But on the most part, how the quantum mechanics is “interpreted” is not considered an important part of physics. The theory works, regardless of what it means.

December 9, 2004

woo! how do you sound off stage, i wonder. very nice. love abby/

December 9, 2004

i am sorry for the frustrating day….but see, see how the bad is balanced by the good?….yay you!

ryn: That’s my bread n butter. I’ll write an entry on it if I get some time later.

December 10, 2004

Oh yes, you are quite mad, but in a good way… 🙂

ryn: I would take that paper with a grain of salt. I don’t think he has a clue what he’s talking about. He insists that the controversial aspect of this paper is that he’s going against the widely-accepted premise that causality is the cornerstone of all science. But no physicist would agree to that.

Modern theories in physics, particularly those in concordance with the Standard Model of particle interactions and relativity, regularly account for events which may see to “violate” causality. So I think he’s picking apart an argument few would make.

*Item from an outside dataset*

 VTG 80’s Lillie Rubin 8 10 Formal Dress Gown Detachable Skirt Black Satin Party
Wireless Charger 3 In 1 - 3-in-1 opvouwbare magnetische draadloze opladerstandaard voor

Now, as I stated, scientists try to “sell” the Copenhagen story, but secretly either don’t care one way or another or have faith in Einstein’s assertion that a hidden variable theory will come along, even though it was disproved with Bell’s theorem.

I think it’s because of the god-like status Einstein has in this field. All of his proposed theories have turned out to be correct, some several years after his death. He’s a good handicapper to bet with. So while few physicists publicly support the hidden variable theory, I think that’s what they would bet on.

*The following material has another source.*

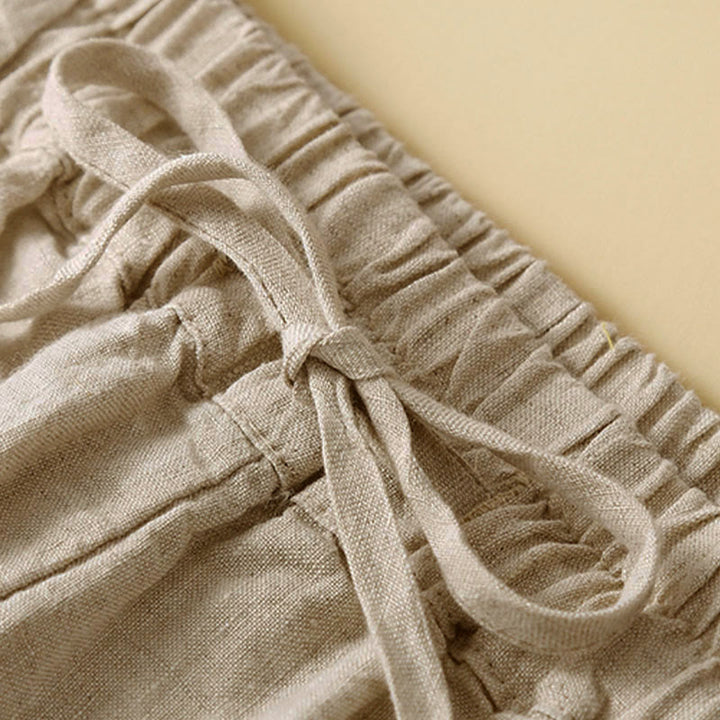 Pantalones capri tipo harem lisos con bolsillos para mujer de Buddha Stones Commute - image 14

You’re right about the random element being disheartening. But I think the real problem is in our definition of free will. If our actions are pre-determined, then so is our control and our free will. I’m perfectly okay with that.

ryn: Here is why I dismiss it. One of the most common misconceptions about Newtonian dynamics is that it includes the concept of causality. Newton’s 2nd law in particular is commonly mistook for such. F=ma is believed by novices to mean that a force causes an acceleration that is proportional to the mass. This is not true.

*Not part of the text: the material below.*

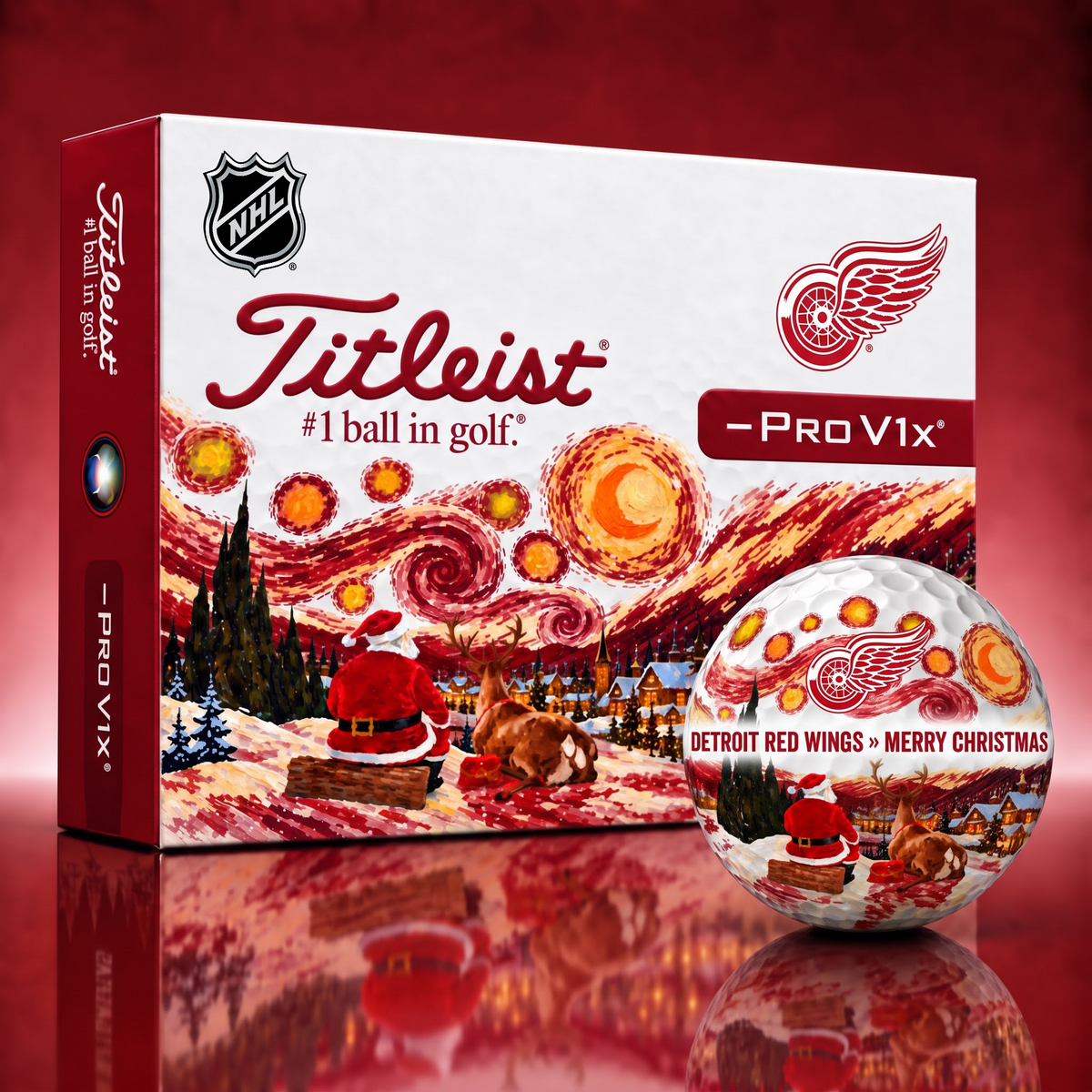 Exclusive NHL x DET Merry Christmas Golf Ball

Newton’s 2nd Law is a definition. It means that this abstract concept we will call a “force” is used to describe a change in acceleration due to an interaction between bodies. There’s no causality in it. It is an equivalence. It’s not even a law in the strict sense of the term. The concept of “force” is invented for the purpose of making sense of changes in acceleration.

It is not something separate from the acceleration which causes the acceleration. If the author doesn’t understand that, I’m not going to spend time reading his further explorations into the topic.